Quote the listing in full, exactly as given, minus any pictures.

Collected data START

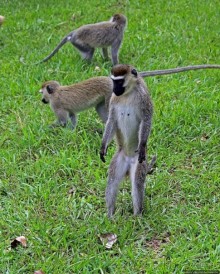 На редкость воспитанные мартышки-попрошайки из Энтеббе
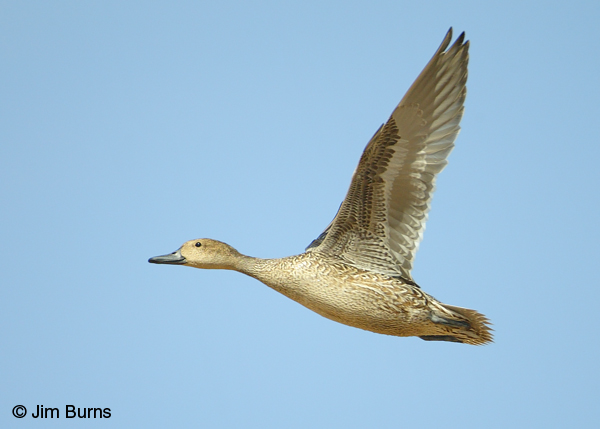 Northern Pintail female in flight
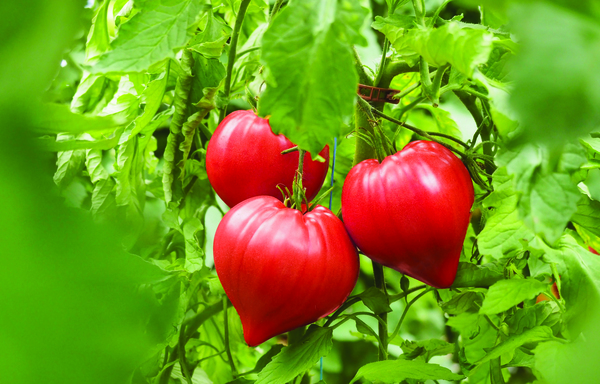 200Pcs Graines De Tomates Mélangées, Jardin Ferme Délicieux Légume Fruit  Plante Décor Graines De Tomates[q2871]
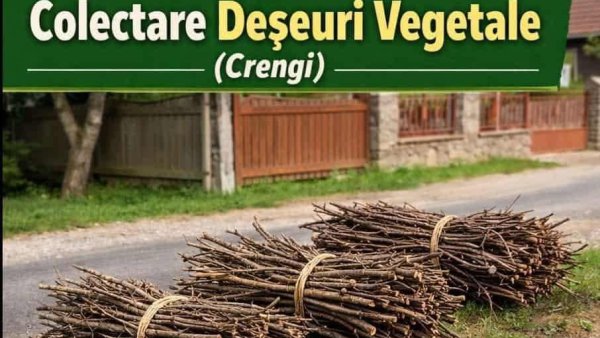 Campanie de colectare a deșeurilor vegetale la Râșnov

Collected data END

Response to this exercise:
 На редкость воспитанные мартышки-попрошайки из Энтеббе
 Northern Pintail female in flight
 200Pcs Graines De Tomates Mélangées, Jardin Ferme Délicieux Légume Fruit  Plante Décor Graines De Tomates[q2871]
 Campanie de colectare a deșeurilor vegetale la Râșnov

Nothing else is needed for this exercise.